Only a third of respondents in the CNN poll said they supported the proposal from the Trump administration and congressional Republican leaders, which lawmakers are scrambling to turn into legislation.
With Congress facing a difficult task in passing a tax bill by the end of the year, Mnuchin increased the stakes by saying the recent stock market rally would end if the effort fails.
"'There is no question that the rally in the stock market has baked into it reasonably high expectations of us getting tax cuts and tax reform done,” Mnuchin told Politico in a podcast interview that aired Tuesday.
“I think to the extent we get the tax deal done, the stock market will go up higher,” he said. “But there's no question in my mind that if we don't get it done you're going to see a reversal of a significant amount of these gains.”
President Trump has repeatedly touted the stock market gains since his election last fall.

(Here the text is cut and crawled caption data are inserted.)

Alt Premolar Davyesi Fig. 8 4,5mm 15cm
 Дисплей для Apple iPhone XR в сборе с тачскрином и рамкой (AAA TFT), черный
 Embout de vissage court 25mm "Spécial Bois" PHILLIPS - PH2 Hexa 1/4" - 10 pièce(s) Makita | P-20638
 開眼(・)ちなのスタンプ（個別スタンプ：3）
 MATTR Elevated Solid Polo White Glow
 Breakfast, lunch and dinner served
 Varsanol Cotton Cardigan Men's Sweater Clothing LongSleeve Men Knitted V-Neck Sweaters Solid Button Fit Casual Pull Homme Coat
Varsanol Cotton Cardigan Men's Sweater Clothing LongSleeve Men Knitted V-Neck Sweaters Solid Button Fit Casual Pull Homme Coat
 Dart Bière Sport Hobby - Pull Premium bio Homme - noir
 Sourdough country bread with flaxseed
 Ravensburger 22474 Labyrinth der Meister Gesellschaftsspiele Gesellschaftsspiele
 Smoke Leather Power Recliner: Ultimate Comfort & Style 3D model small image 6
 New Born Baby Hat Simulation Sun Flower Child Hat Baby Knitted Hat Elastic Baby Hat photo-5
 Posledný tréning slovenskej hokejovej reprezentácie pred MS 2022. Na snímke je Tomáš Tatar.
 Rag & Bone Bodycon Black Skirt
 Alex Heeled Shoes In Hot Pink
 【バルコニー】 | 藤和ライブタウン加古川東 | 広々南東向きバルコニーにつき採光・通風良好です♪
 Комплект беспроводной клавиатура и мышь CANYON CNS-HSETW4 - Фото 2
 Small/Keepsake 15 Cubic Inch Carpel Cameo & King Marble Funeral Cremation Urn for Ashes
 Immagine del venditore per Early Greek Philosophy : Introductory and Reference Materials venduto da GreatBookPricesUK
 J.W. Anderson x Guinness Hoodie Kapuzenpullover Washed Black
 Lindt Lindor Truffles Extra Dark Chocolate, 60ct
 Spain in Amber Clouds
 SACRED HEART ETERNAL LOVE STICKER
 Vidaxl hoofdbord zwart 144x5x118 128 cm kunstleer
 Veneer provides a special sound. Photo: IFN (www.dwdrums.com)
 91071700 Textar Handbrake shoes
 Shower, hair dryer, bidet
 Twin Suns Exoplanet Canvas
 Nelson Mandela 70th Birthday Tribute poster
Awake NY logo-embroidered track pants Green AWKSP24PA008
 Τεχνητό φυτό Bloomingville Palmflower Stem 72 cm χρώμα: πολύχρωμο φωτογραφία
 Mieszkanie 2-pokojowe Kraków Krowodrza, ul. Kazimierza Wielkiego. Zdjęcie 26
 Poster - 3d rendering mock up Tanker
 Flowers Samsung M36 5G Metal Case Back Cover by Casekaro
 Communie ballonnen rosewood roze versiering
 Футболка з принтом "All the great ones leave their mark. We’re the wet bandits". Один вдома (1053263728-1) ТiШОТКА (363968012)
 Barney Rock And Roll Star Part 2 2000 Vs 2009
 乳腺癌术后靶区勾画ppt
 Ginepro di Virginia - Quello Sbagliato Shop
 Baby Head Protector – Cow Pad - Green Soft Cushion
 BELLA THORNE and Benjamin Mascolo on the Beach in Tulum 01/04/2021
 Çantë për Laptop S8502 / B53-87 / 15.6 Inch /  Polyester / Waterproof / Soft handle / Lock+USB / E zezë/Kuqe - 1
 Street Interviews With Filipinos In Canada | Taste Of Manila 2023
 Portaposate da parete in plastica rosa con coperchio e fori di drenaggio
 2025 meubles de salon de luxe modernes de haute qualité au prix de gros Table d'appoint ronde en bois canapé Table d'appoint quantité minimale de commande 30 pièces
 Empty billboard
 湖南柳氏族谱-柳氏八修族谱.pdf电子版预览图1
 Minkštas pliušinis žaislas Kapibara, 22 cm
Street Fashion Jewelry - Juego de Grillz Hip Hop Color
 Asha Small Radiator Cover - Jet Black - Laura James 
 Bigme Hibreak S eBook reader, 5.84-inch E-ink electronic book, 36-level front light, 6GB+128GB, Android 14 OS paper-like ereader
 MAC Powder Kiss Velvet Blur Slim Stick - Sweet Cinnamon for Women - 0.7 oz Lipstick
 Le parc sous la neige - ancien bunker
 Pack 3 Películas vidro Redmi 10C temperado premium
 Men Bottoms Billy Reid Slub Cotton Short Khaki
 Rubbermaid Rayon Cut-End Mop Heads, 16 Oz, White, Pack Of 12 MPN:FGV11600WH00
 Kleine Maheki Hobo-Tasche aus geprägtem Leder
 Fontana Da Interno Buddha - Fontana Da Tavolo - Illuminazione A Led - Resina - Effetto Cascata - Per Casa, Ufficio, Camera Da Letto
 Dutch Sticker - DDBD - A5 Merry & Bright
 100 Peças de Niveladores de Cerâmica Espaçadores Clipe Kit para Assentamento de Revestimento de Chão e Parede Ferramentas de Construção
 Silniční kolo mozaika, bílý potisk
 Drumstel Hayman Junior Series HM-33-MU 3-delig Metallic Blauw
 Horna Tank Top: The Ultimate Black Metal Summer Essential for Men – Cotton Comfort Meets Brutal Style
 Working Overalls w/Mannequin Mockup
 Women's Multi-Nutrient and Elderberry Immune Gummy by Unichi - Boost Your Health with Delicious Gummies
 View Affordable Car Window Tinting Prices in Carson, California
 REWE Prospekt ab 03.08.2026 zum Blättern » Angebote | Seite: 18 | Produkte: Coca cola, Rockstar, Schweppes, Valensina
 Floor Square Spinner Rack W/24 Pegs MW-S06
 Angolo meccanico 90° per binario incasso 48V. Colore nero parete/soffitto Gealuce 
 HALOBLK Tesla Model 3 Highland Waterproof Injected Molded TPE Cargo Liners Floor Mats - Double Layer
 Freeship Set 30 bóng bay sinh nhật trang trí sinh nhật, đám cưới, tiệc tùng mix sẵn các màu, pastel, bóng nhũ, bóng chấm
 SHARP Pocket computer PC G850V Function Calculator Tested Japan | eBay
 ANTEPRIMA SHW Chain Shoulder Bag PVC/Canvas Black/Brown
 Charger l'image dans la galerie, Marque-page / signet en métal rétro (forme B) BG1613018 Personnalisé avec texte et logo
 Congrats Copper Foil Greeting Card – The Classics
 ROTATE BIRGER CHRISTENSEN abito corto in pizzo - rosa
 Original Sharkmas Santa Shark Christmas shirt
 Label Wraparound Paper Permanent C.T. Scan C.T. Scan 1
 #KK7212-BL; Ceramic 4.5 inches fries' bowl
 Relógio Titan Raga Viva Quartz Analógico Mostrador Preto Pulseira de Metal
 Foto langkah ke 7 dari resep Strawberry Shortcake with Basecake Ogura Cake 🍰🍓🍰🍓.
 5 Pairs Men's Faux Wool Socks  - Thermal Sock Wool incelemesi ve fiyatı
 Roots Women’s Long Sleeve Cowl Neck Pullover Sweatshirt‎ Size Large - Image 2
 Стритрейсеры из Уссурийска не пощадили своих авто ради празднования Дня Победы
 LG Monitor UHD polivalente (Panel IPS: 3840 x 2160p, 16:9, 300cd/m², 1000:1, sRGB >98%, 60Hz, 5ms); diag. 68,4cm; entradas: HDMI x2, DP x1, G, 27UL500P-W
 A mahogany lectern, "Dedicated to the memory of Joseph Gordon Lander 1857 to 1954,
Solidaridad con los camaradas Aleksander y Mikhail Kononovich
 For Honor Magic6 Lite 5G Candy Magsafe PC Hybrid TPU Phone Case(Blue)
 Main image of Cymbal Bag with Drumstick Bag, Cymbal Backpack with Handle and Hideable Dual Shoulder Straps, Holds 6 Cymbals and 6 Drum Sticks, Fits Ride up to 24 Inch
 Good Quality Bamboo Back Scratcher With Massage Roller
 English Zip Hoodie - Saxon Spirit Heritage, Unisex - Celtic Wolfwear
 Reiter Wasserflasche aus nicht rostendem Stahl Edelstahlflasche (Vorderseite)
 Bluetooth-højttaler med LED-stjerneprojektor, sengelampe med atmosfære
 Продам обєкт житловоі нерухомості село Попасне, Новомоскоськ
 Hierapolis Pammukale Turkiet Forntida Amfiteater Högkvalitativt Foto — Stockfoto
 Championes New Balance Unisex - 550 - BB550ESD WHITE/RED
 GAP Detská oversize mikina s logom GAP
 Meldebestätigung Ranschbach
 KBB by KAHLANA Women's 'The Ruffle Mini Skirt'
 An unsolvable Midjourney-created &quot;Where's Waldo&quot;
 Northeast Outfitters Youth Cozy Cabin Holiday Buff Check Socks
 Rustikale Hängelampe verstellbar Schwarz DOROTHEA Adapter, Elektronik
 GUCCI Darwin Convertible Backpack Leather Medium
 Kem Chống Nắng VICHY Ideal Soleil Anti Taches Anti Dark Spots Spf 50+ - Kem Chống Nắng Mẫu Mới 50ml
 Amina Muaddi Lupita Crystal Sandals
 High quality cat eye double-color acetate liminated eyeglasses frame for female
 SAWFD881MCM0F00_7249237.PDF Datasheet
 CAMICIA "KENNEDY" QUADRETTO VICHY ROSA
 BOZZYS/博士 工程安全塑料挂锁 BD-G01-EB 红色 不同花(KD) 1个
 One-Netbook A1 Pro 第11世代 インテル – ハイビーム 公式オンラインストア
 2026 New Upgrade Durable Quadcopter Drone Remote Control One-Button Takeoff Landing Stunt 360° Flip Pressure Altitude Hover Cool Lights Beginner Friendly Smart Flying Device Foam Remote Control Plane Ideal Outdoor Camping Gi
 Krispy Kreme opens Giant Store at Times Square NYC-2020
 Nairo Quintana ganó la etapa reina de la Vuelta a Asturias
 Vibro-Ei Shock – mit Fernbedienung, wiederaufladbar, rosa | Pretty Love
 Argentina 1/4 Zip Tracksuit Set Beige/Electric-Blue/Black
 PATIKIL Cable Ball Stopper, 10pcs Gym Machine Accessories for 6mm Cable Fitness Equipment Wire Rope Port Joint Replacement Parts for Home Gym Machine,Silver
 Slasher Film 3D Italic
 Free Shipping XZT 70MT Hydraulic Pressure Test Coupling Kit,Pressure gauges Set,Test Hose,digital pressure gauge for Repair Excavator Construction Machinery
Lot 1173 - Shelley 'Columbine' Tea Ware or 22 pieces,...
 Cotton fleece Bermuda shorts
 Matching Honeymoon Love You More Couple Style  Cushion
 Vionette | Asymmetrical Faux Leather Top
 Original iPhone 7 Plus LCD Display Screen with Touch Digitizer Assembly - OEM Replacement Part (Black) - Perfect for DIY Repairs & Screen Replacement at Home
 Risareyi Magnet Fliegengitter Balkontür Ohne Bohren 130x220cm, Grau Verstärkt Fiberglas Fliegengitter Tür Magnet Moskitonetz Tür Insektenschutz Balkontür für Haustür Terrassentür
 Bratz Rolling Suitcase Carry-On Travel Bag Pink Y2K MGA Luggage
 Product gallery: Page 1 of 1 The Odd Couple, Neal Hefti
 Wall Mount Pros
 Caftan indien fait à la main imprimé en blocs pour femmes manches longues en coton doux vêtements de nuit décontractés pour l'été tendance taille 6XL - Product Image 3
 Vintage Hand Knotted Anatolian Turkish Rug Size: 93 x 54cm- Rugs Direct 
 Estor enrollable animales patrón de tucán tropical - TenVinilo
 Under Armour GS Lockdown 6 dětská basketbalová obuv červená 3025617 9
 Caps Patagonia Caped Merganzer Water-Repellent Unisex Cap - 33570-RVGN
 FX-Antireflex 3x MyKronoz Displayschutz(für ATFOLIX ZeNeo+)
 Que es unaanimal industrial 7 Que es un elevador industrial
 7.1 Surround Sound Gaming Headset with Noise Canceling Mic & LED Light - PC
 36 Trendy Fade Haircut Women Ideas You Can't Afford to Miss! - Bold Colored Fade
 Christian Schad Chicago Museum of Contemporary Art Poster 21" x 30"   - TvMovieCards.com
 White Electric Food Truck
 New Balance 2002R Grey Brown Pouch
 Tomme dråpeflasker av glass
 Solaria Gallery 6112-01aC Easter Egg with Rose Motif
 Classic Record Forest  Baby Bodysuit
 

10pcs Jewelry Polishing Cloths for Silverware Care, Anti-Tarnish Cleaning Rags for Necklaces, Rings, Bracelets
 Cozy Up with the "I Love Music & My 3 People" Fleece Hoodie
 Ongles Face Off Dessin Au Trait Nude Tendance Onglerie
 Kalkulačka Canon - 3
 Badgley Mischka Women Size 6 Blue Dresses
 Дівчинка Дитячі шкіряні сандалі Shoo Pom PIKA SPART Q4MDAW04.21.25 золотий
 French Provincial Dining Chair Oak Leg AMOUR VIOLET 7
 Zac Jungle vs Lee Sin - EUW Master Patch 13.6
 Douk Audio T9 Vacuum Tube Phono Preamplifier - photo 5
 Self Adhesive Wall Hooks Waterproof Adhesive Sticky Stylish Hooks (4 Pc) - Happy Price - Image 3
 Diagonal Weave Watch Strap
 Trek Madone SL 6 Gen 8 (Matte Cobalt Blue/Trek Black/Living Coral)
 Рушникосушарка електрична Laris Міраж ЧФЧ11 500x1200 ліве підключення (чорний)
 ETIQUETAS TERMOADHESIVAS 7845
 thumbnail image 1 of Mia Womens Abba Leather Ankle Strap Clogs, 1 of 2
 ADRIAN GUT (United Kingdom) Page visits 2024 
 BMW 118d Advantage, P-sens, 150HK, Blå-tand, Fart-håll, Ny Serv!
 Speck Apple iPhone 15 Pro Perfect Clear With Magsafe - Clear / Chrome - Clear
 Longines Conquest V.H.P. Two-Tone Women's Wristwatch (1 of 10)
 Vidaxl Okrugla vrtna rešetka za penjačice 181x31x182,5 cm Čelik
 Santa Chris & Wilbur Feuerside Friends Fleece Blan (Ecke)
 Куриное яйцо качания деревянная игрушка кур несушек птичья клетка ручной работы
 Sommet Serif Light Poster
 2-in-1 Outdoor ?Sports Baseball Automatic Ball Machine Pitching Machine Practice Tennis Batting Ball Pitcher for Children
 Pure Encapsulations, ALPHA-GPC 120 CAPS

The Dow Jones industrial average is up about 27% and the Standard & Poor’s 500 index is up about 20%.
Greg Valliere, chief global strategist at Horizon Investments, agreed that investors have priced in passage of tax legislation, though it doesn’t have to come by the end of the year.
“The market is counting on a tax cut….so if it suddenly looked like the tax bill was dead, I think it would be a significant negative for the market,” he said. “I’d say there would be a significant sell-off.”
The chief U.S. equity strategist for Goldman Sachs Group Inc. said last week that he believed the stock market is overvalued unless a tax overhaul is enacted.
But John Lonski, chief economist at Moody's Capital Markets Research Group, said he thought the stock market could handle the failure of the Republicans’ tax cut plans because corporate profits have been solid and interest rates are low.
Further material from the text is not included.